Interpreting Lincoln's Second Inaugural Sermon, Links to Whole Series

Part 1
Part 2
Part 3
Part 4
Part 5
Part 6
Part 7
[Thanks to Growing Up for linking to this series!]

Interpreting Lincoln's Second Inaugural Sermon, Part 7

Most of what I've wanted to say about Lincoln's Second Inaugural Address, I've already said. But, it seems appropriate to close with a few points:

1. Just because war is the consequence of human sin doesn't mean that nations are always wrong in pursuing war. That seems to be a subtext of Lincoln's address.

As we've noted, he accepted blame for the Civil War for the South, the North, and himself. The ultimate cause, "somehow" was the sin of slavery. But, in considering the possibility that the war may continue, Lincoln was unflinching. Once the first cannonballs hit Fort Sumter in 1861, the Union had little choice but to fight back. Had the North simply allowed the South to leave the Union, carrying with it its "peculiar institution," the whole country would have failed in the pursuit of the promise of its birth, the promise based on the belief that all are created equal.

On the Fourth of July this year, a local radio station replayed comments I made years ago which were used as part of another station's musical and narrative accompaniment with Cincinnati's Independence Day fireworks. I recalled the veterans of World War 2 I had known. "Not one of them wanted to go to war," I remembered. "But each did what they had to do."

As I've discussed here, governments became necessary when humanity fell into sin. Sin means that not all members of the human race are willing to live in peace with their neighbors. That means that good behavior must sometimes be coerced. That was what Lincoln said needed to happen once the Civil War began. It's difficult to argue with him.

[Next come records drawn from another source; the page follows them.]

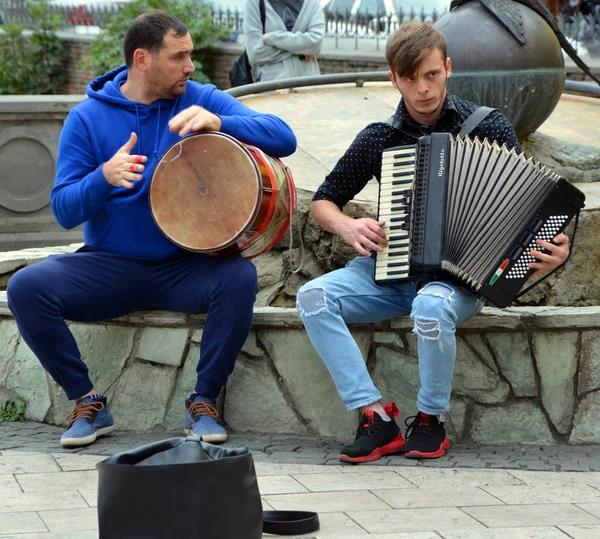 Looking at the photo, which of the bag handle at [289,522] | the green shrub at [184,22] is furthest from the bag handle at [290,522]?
the green shrub at [184,22]

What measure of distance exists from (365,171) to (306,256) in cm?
89

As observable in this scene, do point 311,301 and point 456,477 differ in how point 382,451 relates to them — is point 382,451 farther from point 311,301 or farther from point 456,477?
point 311,301

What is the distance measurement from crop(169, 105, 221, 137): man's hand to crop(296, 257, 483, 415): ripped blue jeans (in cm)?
71

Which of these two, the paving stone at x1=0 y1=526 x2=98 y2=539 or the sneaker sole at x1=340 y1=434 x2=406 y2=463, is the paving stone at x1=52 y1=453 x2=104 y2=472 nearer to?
the paving stone at x1=0 y1=526 x2=98 y2=539

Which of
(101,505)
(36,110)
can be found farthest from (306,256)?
(36,110)

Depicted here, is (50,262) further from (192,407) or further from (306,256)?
(306,256)

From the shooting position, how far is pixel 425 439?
4008 mm

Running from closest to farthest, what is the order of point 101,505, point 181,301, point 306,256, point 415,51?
point 101,505 → point 415,51 → point 181,301 → point 306,256

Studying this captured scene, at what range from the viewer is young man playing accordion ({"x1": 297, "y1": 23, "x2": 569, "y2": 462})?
393 centimetres

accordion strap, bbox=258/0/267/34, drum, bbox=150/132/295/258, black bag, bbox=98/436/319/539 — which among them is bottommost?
black bag, bbox=98/436/319/539

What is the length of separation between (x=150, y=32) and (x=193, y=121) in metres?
0.47

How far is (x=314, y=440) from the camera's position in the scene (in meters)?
4.32

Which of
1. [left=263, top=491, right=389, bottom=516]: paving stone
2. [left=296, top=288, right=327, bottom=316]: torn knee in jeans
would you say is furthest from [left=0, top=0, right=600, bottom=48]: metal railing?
[left=263, top=491, right=389, bottom=516]: paving stone

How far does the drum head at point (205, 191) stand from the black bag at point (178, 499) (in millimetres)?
1303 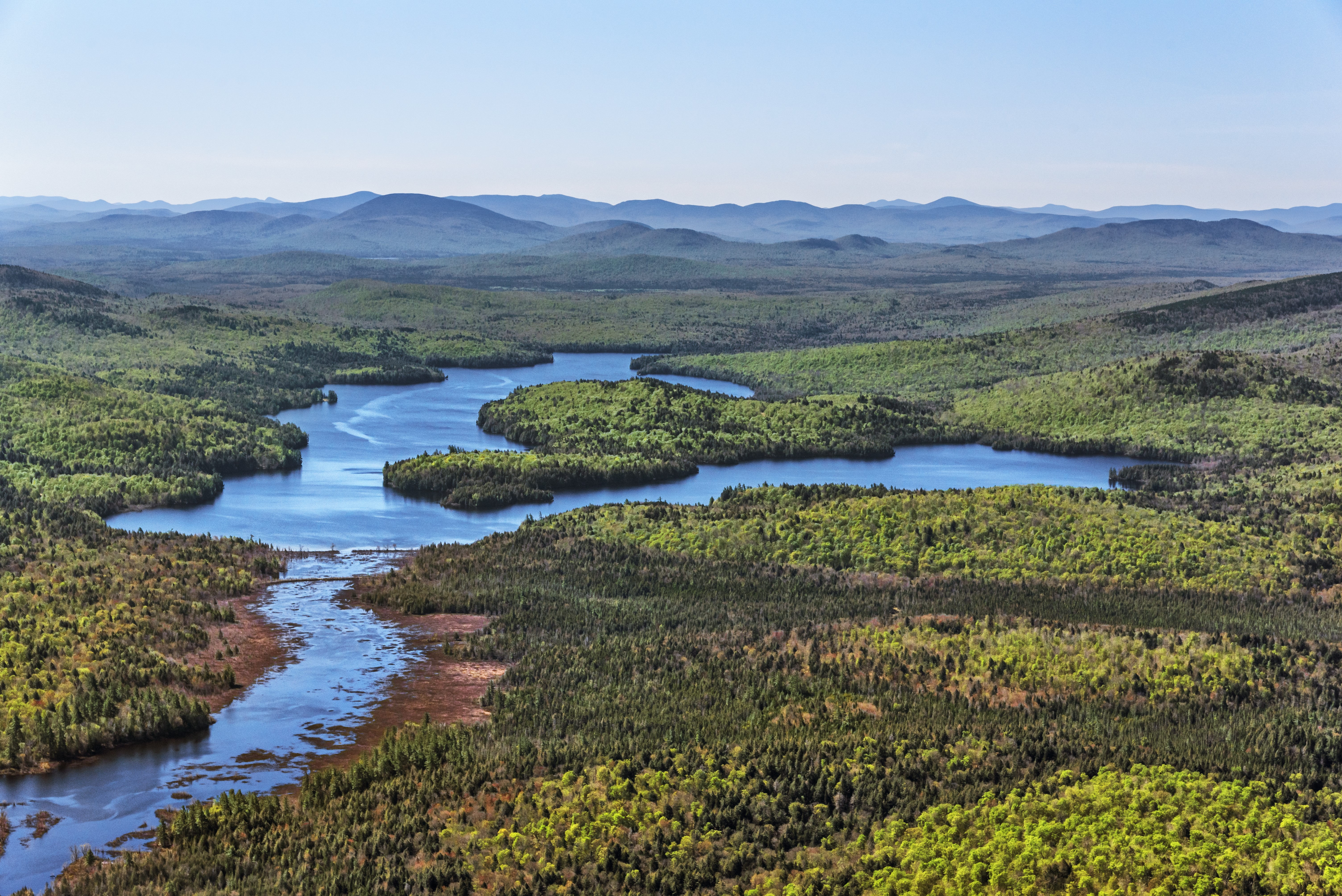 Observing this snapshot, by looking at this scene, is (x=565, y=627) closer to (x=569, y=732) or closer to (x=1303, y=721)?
(x=569, y=732)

2. Lincoln seems to say that God is a God of both grace and justice. (This is what the Bible tells us as well.) We like the former attribute and, so long as we think God is on our sides, we like the latter as well.

But, Lincoln seems to assert, while God will remember that human beings are dust and therefore be charitable to the repentant, God nonetheless saw both the North and the South as being complicit in the war. Nations and individuals may be forgiven their sins, yet still have to deal with the consequences of them.

I hope that readers have found this series helpful.

Wednesday, July 12, 2006

Interpreting Lincoln's Second Inaugural Sermon, Part 6


Now, we come to the fourth and final paragraph of Abraham Lincoln's second Inaugural Address:
With malice toward none, with charity for all, with firmness in the right as God gives us to see the right, let us strive on to finish the work we are in, to bind up the nation's wounds, to care for him who shall have borne the battle and for his widow and his orphan, to do all which may achieve and cherish a just and lasting peace among ourselves and with all nations.
1. Before interpreting one of the most sublime sentences ever composed in the English language--because the entire fourth paragraph is one sentence, it's important to understand what Lincoln did not say in the three paragraphs leading to it.

First and foremost, Lincoln did not suggest that the war, with all its death and destruction, was an atoning sacrifice for past sins. Were he to have done so would have required him to totally ignore the teachings of the Bible, from which he drew inspiration for this speech. As a student of the Bible, Lincoln was familiar with passages of the New Testament that tell us that there has been one perfect atoning sacrifice in the history of the world, the death of the sinless Savior, Jesus Christ, Who gave His life for all people.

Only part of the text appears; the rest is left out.